17 May 2023
Coalition Faces Challenge in Indigenous Voice Referendum Pamphlet
The upcoming referendum on the Indigenous voice to parliament in Australia presents a unique challenge for some Coalition members. To have a say in the official referendum pamphlet, they may have to vote against the staging bill, per federal law regulations.
While the federal Liberals and Nationals are campaigning against the establishment of an Indigenous voice, they support the referendum bill itself, allowing Australians to express their opinions. As preparations for the October referendum progress, parliamentary committees are expected to convene and contribute to the lengthy pamphlet. This document contains 2000-word essays representing the yes and no arguments and is mailed to every household.

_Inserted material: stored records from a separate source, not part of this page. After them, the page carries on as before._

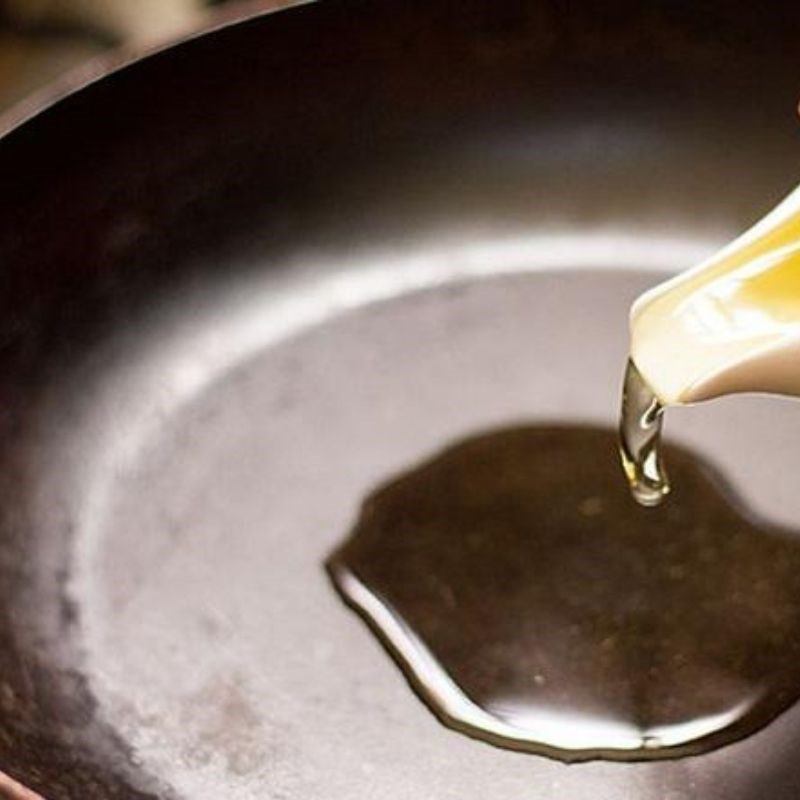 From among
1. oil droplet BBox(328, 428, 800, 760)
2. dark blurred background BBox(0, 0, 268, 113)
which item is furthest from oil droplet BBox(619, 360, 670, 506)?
dark blurred background BBox(0, 0, 268, 113)

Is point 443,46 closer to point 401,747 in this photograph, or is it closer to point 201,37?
point 201,37

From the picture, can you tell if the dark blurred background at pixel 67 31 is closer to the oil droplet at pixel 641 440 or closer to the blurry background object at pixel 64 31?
the blurry background object at pixel 64 31

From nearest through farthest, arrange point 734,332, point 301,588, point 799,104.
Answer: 1. point 734,332
2. point 301,588
3. point 799,104

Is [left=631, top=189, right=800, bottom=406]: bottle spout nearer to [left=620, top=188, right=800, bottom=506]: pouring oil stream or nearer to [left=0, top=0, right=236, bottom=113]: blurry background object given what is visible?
[left=620, top=188, right=800, bottom=506]: pouring oil stream

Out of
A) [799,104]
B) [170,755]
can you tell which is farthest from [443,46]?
[170,755]

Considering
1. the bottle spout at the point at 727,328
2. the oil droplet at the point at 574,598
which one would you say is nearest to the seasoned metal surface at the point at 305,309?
the oil droplet at the point at 574,598

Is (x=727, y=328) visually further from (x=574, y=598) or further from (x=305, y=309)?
(x=305, y=309) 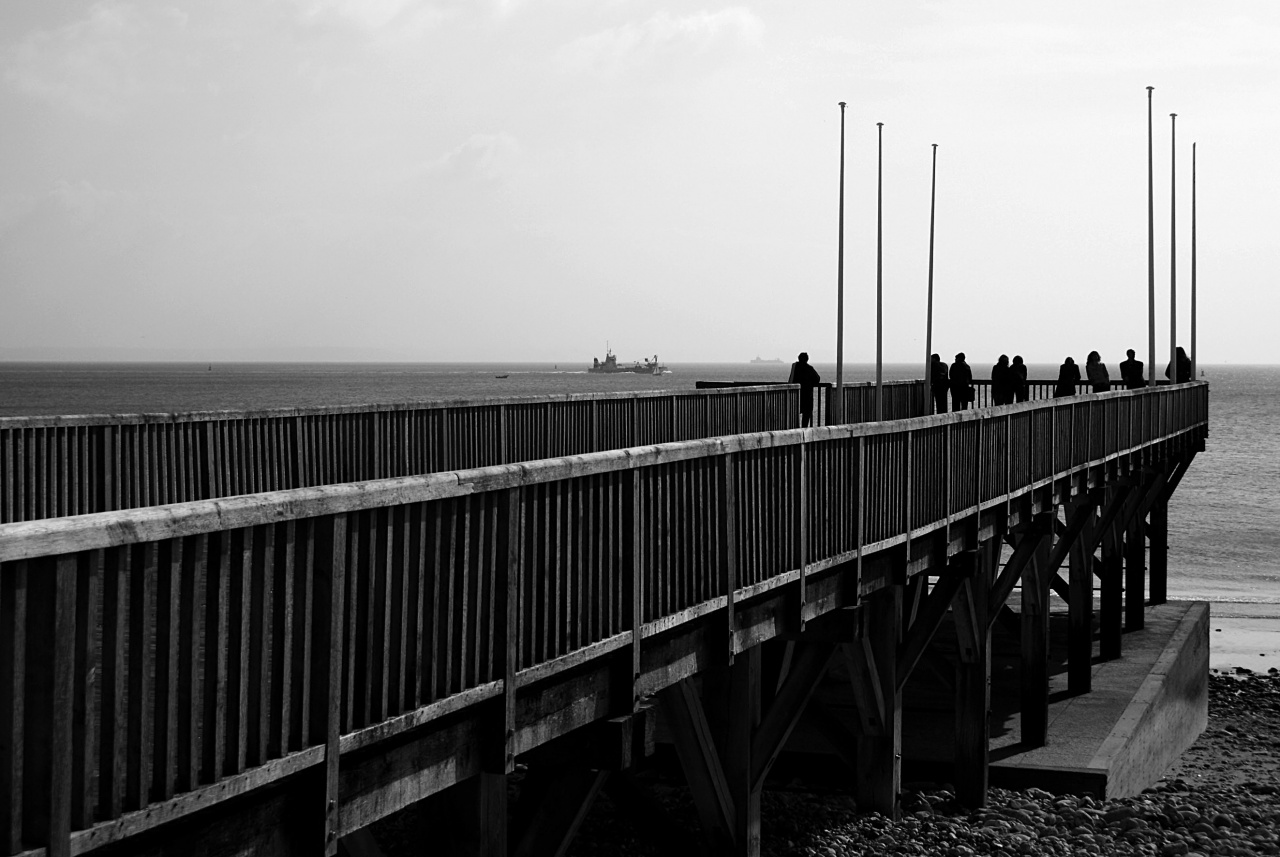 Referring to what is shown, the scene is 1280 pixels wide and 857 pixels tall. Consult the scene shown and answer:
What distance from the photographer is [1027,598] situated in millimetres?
21328

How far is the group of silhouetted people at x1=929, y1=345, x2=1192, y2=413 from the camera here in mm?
28625

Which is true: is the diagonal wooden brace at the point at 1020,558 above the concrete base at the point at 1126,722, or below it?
above

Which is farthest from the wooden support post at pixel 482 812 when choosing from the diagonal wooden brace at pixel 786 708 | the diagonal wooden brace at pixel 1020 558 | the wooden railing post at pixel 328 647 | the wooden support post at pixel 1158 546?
the wooden support post at pixel 1158 546

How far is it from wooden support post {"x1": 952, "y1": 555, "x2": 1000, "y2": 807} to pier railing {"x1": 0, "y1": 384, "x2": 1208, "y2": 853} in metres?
7.69

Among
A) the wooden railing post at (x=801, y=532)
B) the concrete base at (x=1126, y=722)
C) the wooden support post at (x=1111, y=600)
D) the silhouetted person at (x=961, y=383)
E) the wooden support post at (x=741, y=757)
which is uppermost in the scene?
the silhouetted person at (x=961, y=383)

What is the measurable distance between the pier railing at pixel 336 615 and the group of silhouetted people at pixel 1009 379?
63.4 ft

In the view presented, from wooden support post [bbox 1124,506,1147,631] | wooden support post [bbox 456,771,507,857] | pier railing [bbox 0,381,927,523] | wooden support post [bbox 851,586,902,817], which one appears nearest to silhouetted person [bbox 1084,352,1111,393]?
wooden support post [bbox 1124,506,1147,631]

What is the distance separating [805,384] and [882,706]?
37.3ft

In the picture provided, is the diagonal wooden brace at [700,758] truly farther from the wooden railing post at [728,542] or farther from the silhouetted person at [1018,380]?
the silhouetted person at [1018,380]

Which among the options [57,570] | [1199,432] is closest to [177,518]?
[57,570]

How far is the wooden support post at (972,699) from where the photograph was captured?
17.2m

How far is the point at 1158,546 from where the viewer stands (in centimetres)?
3469

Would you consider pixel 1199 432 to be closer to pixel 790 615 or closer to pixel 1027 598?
pixel 1027 598

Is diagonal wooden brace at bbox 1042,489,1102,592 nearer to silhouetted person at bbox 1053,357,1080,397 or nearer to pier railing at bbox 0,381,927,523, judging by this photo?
silhouetted person at bbox 1053,357,1080,397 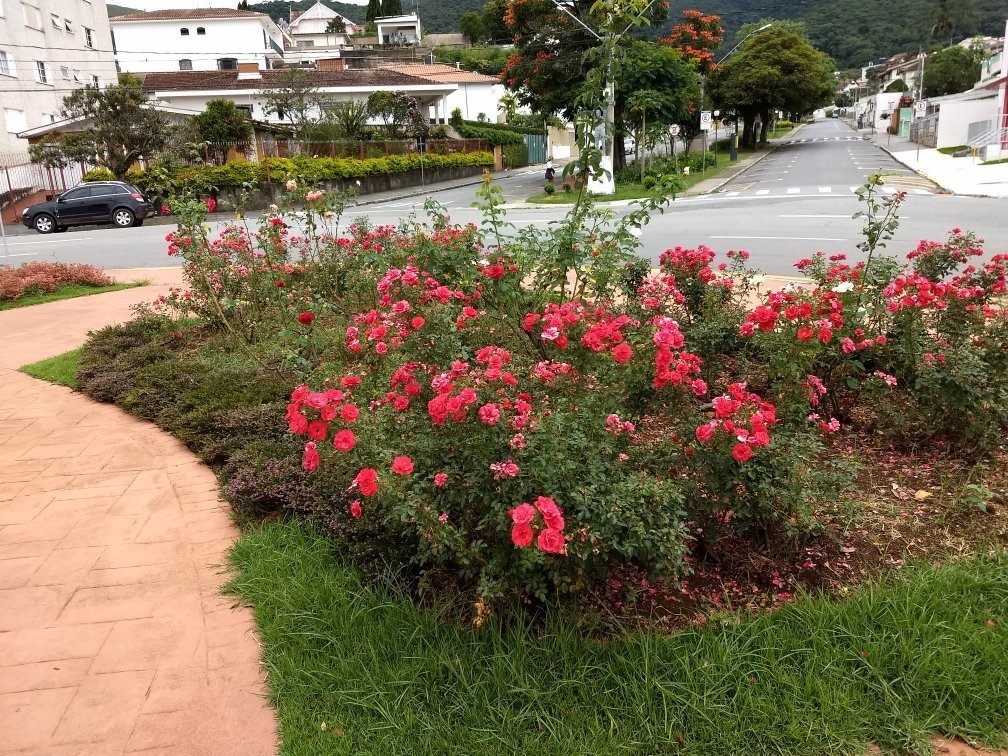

However, politicians can only contribute to the essay based on their voting stance on the constitutional alteration bill, which enables the referendum. To have a say in writing the no essay, some Coalition MPs must vote against the staging bill. The alteration bill would pass with the support of Labor, the Greens, and crossbench members, even without the Coalition’s endorsement.
The Australian Electoral Commission has allocated $10 million in the federal budget to print and distribute the pamphlet. While dedicated campaign organizations exist for the yes and no cases, the essays themselves are written by politicians. According to the Referendum Machinery Act, each essay must be authorized by a majority of parliament members who voted in favor of or against the proposed law. However, the act does not provide guidance on how this majority is determined or how disputes in essay writing should be resolved.
The government is considering the process and may establish large parliamentary committees to address this issue. Members of Labor, the Greens, and independent politicians like Senator David Pocock have expressed their desire to contribute to the Yes essay. At the same time, the Coalition and One Nation are expected to have input in the no essay.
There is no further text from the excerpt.